Byrn hands Superboy a strange-looking laser syringe thing… and he takes off to weigh his options. The aliens beam their monitoring system onto the projector screen, and they watch Superboy make his decision… the extraction occurs, and it looks as though Superboy is going to be immortal!
He returns home to share the news of his decision, but they already know. The aliens thank him up and down, and before taking their leave, induces selective memory-loss on the boy so he’ll never regret his decision. Once the Kents are alone, Superboy informs his parents that everything they saw on the screen, didn’t quite happen the way it looked.
It turns out, Clark negated the extractor beam with his own heat vision… giving the impression that the aliens were no longer immortal.

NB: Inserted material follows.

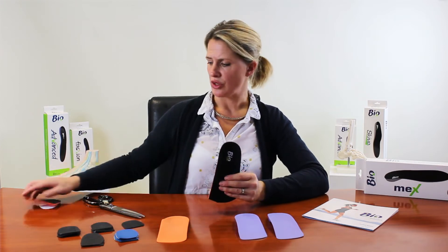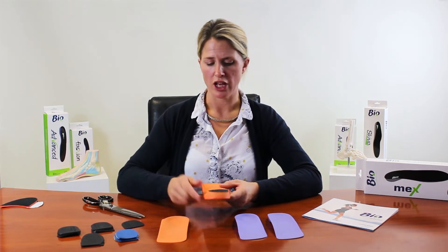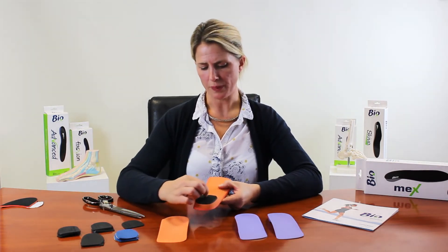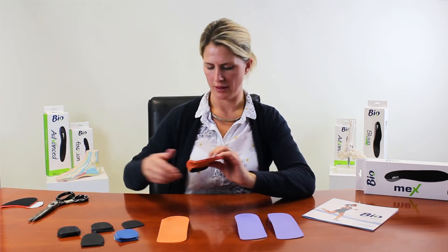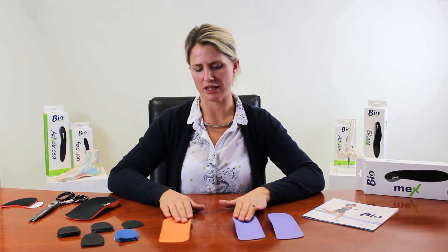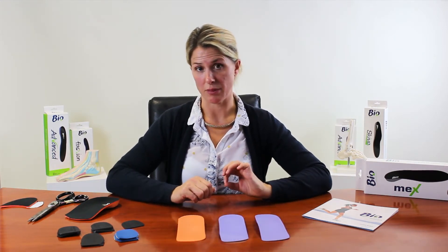If there are issues fitting these in footwear, you can trim around the sides further to make it even slimmer. You can also trim down your wedging and make it into a hemi post, which reduces bulk for footwear. Clinicians generally fall into two categories: those who like to customise extensively and those who are happy to use them as they come out of the packet — this product suits both approaches.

He then uses his telescopic vision… well, it would’ve probably been “telescopic vision” in the Silver Age, here it’s just Super-Vision… anyhoo… he uses that to take a look at Byrn and Myla… who have already started to age. The placebo is in effect.
We wrap up with Jon and Martha vowing to put an extra candle on his birthday cake every year as their “secret token of thanks” that their boy won’t be an eternal eight-year-old.
Hey, this was a fun little issue. Not sure how I feel about it for a series-launching #1, but dug it well enough.
I mentioned above that I was surprised to see Superboy “in action” at such a young age. I really thought he was a teen/pre-teen, wasn’t expecting him to be in the single-digits, age-wise. Granted, my Superboy is Kon-El, and he was always depicted to be a teenager. Might just be a bit of Superboy-transference on my end.
Another thing, and it’s silly… if I see a birthday cake with an extra candle on it… I’m thinkin’ “one for good luck” or “one to grow on”… I would never expect a huge story (featuring immortal aliens, no less) to explain it! Like I said, it’s silly… and I’m just having fun with it. Gotta wonder why Lana would ask though… or why she’d count ’em! The best case scenario, she makes it look as though Ma Kent doesn’t know how to count! Okay okay, enough candle talk.
The immortality swap deal was totally ridiculous. Gotta have brass ones to ask an eight year old if they wanna either live forever, or remain the same age forever. Luckily, they didn’t ask just any eight year old. Superboy shows he’s wise beyond his years by understanding the potential psychosomatic nature of Byrn and Myra’s immortality. Getting to the root of the “mind over matter”, he was able to end the aliens’ suffering without risking himself.
Some of the neatest stuff in this book is in the 35 Years of Superboy text piece (below, click to enlarge). I never knew that the first issue of Superboy had him (mistakenly) growing up in Metropolis! Lotsa great info here, always enjoy reading the history of characters and properties. This piece is well worth a read.
Heck, the whole package is worth reading. It’s a bit corny, sure… but for a Bronze Age approximation of Silver, this was a lot of fun. It doesn’t look like this has been collected, or made available digitally as of this writing, but shouldn’t be too terribly difficult to find, nor too spendy when ya do.